Writing plug-ins for Mozzila Gekko engine

Writing Plug-ins


  1. Once you decide what you want your plug-in to do, creating it is a simple process. A basic overview of the plug-in development process is given in the following steps.

  2. Plan your plug-in: decide on the services you want the plug-in software to provide and how it will interact with the browser and the special media for which the plug-in is created.
  3. Decide the MIME type and file extension for the plug-in (see Registering Plug-ins).
  4. Set up your development environment properly. You can use a variety of environments to create a plug-in, but make sure that you have the necessary files from the mozilla source or from the plug-in SDK.
  5. Create a plug-in project.
  6. You can either start from one of the samples provided for your operating system in the mozilla source directory, where plug-ins samples are already being built, or you can construct a new plug-in project in your own development environment using SDK-provided files.

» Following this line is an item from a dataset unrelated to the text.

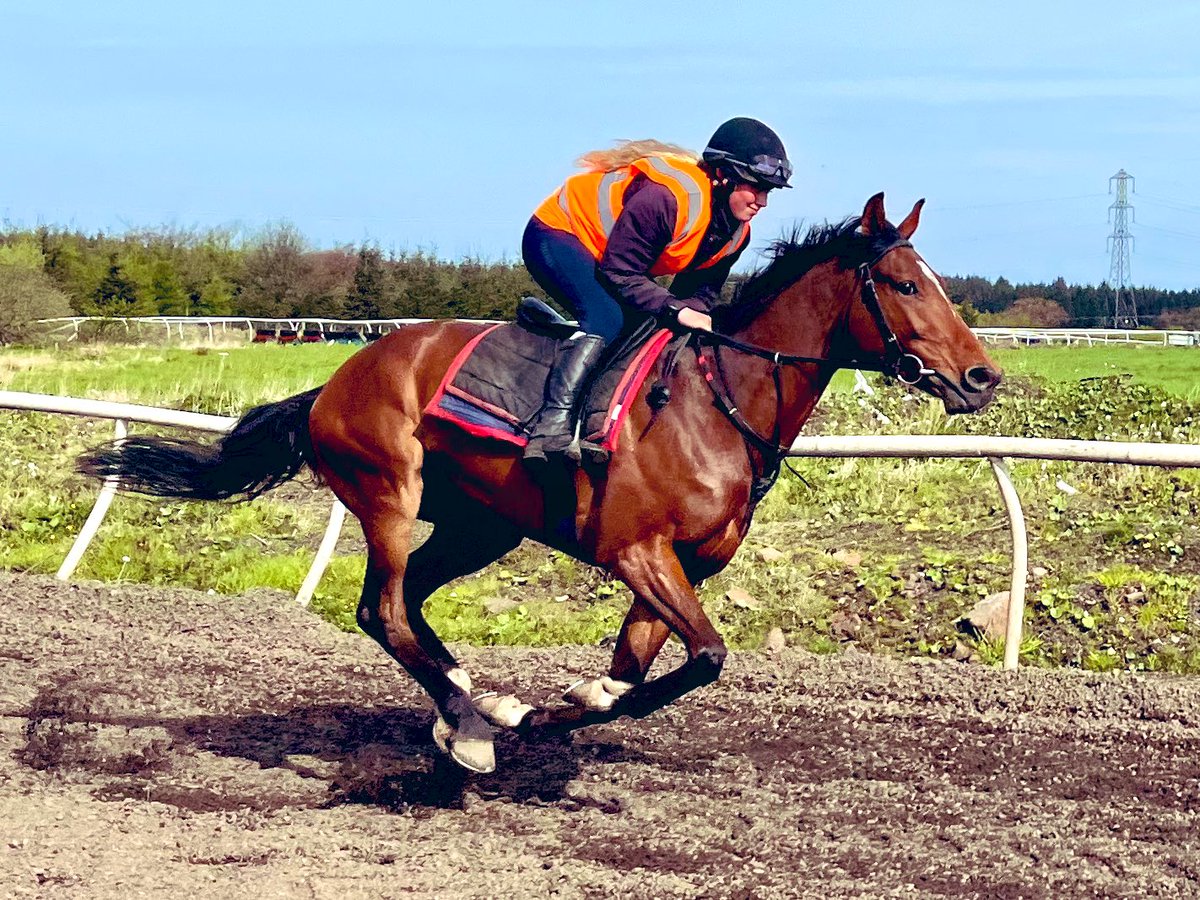 Jim Goldie Racing (@jimgoldieracing) on Twitter photo We’re <a href="/CarlisleRaces/">Carlisle Racecourse</a> today with 3 runners! Water Of Leith, <a href="/jimmyfyffe/">jimmy fyffe</a>’s Mostar Dream & recent <a href="/MusselburghRace/">Musselburgh Racecourse</a> winner Trojan Sun(pictured), <a href="/PMulrennan/">Paul Mulrennan</a> rides! We’re <a href="/CarlisleRaces/">Carlisle Racecourse</a> today with 3 runners! Water Of Leith, <a href="/jimmyfyffe/">jimmy fyffe</a>’s Mostar Dream & recent <a href="/MusselburghRace/">Musselburgh Racecourse</a> winner Trojan Sun(pictured), <a href="/PMulrennan/">Paul Mulrennan</a> rides!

See the README in the plug-in SDK for more information about using the SDK and using the samples provided there.
  7. Write your plug-in code and implement the appropriate Plug-in API methods for basic plug-in operation. You'll find an overview of the Plug-in API methods in this chapter, as well as separate chapters for all of the major functional areas of the Plug-in API. Also see Making Plug-ins Scriptable for more information about making plug-ins accessible from the browser.
  8. Build the plug-in for your operating system. See "Building Plug-ins"
  9. Install the plug-in in the plug-in directory for your operating system. See Installing Plug-ins.
  10. Test your plug-in and debug as necessary.
  11. Create an HTML page and embed the plug-in object. For information about the HTML elements to use, see Using HTML to Display Plug-ins. To see your plug-in in action, simply display the HTML page that calls it in the browser.

Registering Plug-ins

Gecko identifies a plug-in by the MIME type it supports. When it needs to display data of a particular MIME type, the browser finds and invokes the plug-in object that supports that type. The data can come from either an object element in an HTML file (where the object or embed element either specifies the MIME type directly or references a file of that type), from a separate non-HTML file of that MIME type, or from the server.

The server looks for the MIME type registered by a plug-in, based on the file extension, and starts sending the file to the browser. The browser looks up the media type, and if it finds a plug-in registered to that type, loads the plug-in software.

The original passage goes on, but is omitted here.